═════ Records provided

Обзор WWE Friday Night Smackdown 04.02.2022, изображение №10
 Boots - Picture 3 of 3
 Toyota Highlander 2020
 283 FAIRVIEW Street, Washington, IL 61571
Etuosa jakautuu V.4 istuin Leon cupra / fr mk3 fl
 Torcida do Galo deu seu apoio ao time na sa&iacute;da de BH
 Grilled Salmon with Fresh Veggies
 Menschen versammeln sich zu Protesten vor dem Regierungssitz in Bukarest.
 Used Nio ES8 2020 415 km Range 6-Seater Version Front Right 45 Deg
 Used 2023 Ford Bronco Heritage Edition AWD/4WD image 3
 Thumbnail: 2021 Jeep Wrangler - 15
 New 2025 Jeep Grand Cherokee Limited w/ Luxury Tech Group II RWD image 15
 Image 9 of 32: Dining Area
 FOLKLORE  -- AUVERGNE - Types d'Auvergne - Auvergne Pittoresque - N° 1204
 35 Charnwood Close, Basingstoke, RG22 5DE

══════════

_What needs to be done_
Copy all of the data exactly. Skip nothing.

_Solution to the problem_
Обзор WWE Friday Night Smackdown 04.02.2022, изображение №10
 Boots - Picture 3 of 3
 Toyota Highlander 2020
 283 FAIRVIEW Street, Washington, IL 61571
Etuosa jakautuu V.4 istuin Leon cupra / fr mk3 fl
 Torcida do Galo deu seu apoio ao time na sa&iacute;da de BH
 Grilled Salmon with Fresh Veggies
 Menschen versammeln sich zu Protesten vor dem Regierungssitz in Bukarest.
 Used Nio ES8 2020 415 km Range 6-Seater Version Front Right 45 Deg
 Used 2023 Ford Bronco Heritage Edition AWD/4WD image 3
 Thumbnail: 2021 Jeep Wrangler - 15
 New 2025 Jeep Grand Cherokee Limited w/ Luxury Tech Group II RWD image 15
 Image 9 of 32: Dining Area
 FOLKLORE  -- AUVERGNE - Types d'Auvergne - Auvergne Pittoresque - N° 1204
 35 Charnwood Close, Basingstoke, RG22 5DE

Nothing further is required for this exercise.